**Data listing:**
┏━━

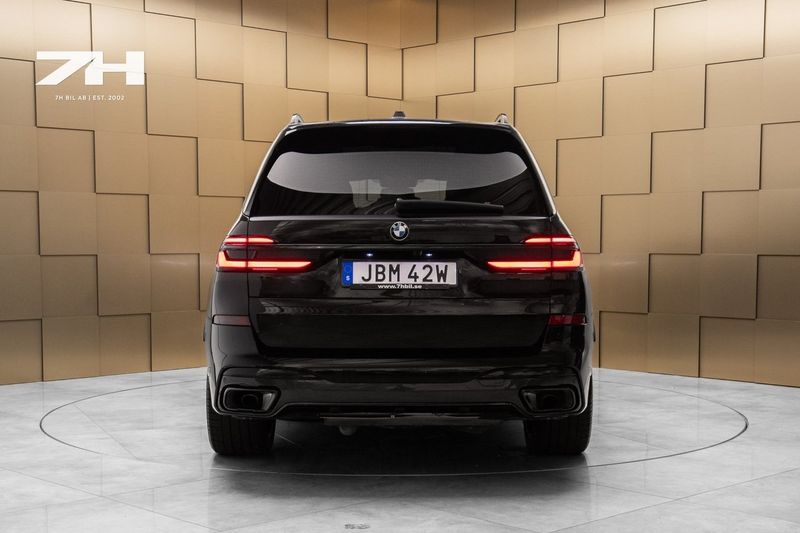 BMW X7 bild 4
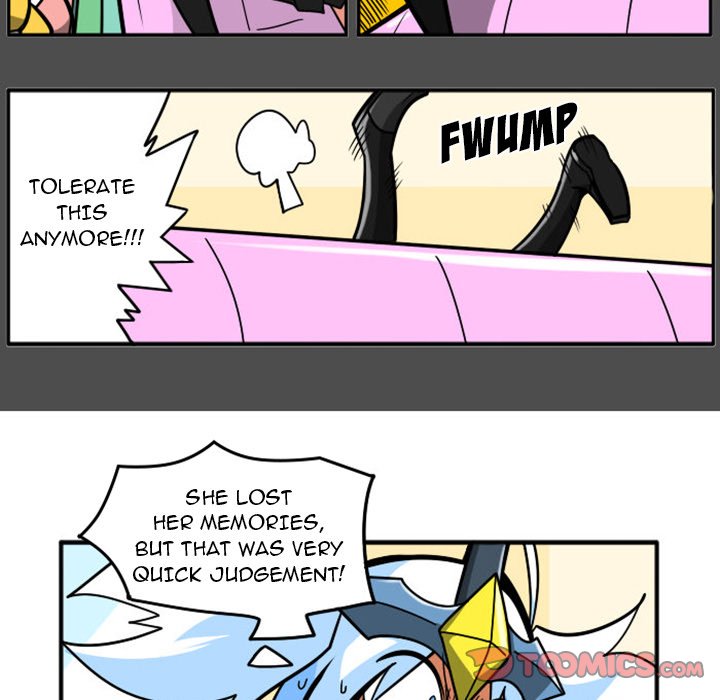 Maki and Friends - Chapter 79 Page 25
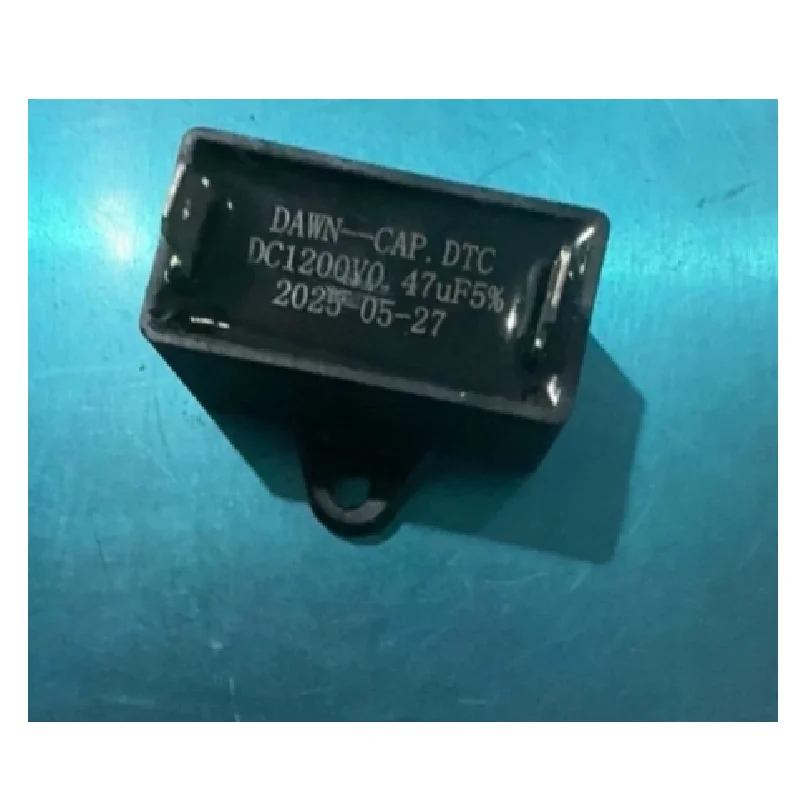Brand new 0.047UF/0.47UF/1UF 1200V DC non inductive absorption capacitor resonant capacitor accessories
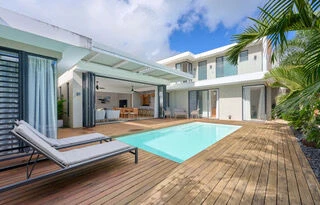 Contemporary Villa In A Secure Gated Community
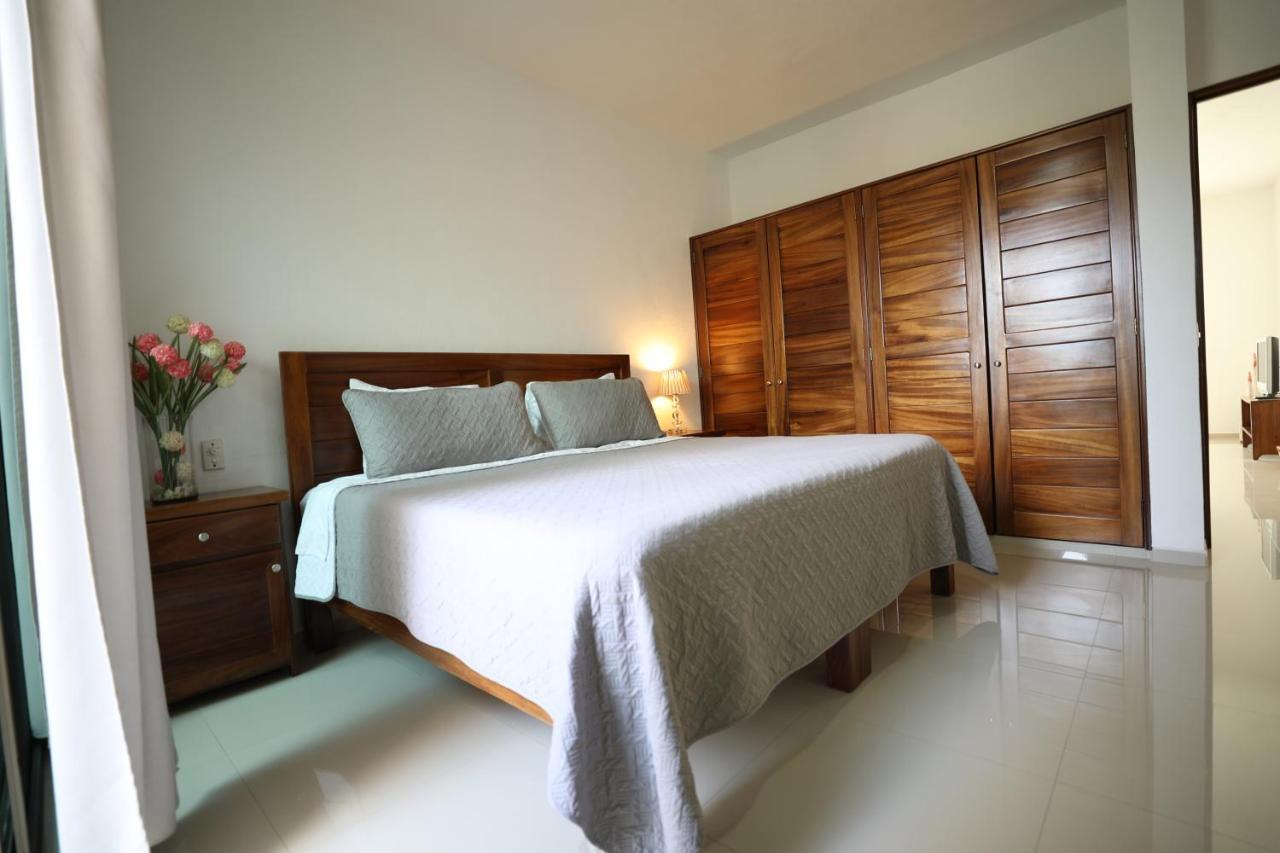 Hotel Suites Del Mar La Manzanilla  Eksteriør billede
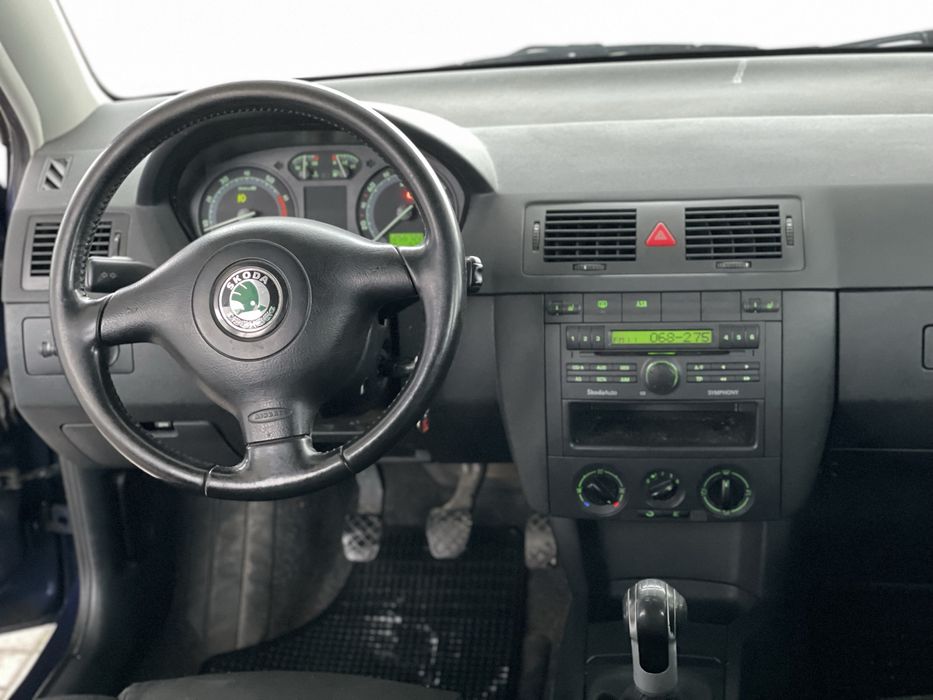 Skoda Fabia 1.4 MPI тільки з Німеччини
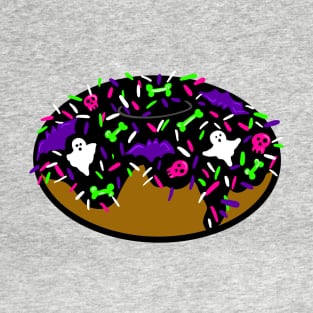 Spooky donut T-Shirt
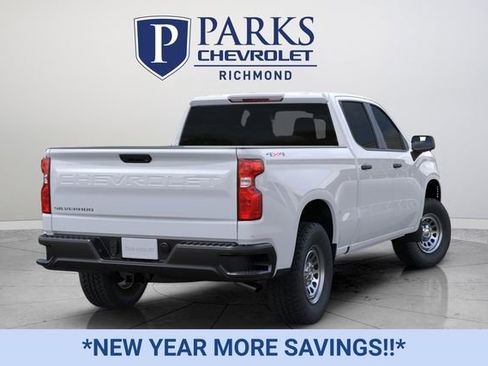 New 2026 Chevrolet Silverado 1500 W/T w/ WT Value Package image 4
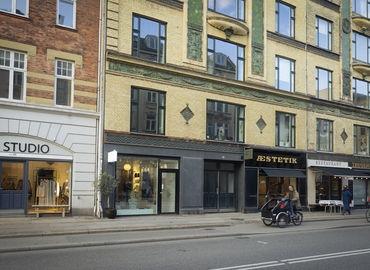158 m² Shop for rent in Frederiksberg C, Gammel Kongevej 86C (1850) - 0 | MatchOffice.com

┗━━

**What to produce:**
Every line from the one holding "Spooky donut T-Shirt" through the last line of the entries above, and nothing else, is to be restated word for word. Pictures stay out.

**Output of the exercise:**
 Spooky donut T-Shirt
 New 2026 Chevrolet Silverado 1500 W/T w/ WT Value Package image 4
158 m² Shop for rent in Frederiksberg C, Gammel Kongevej 86C (1850) - 0 | MatchOffice.com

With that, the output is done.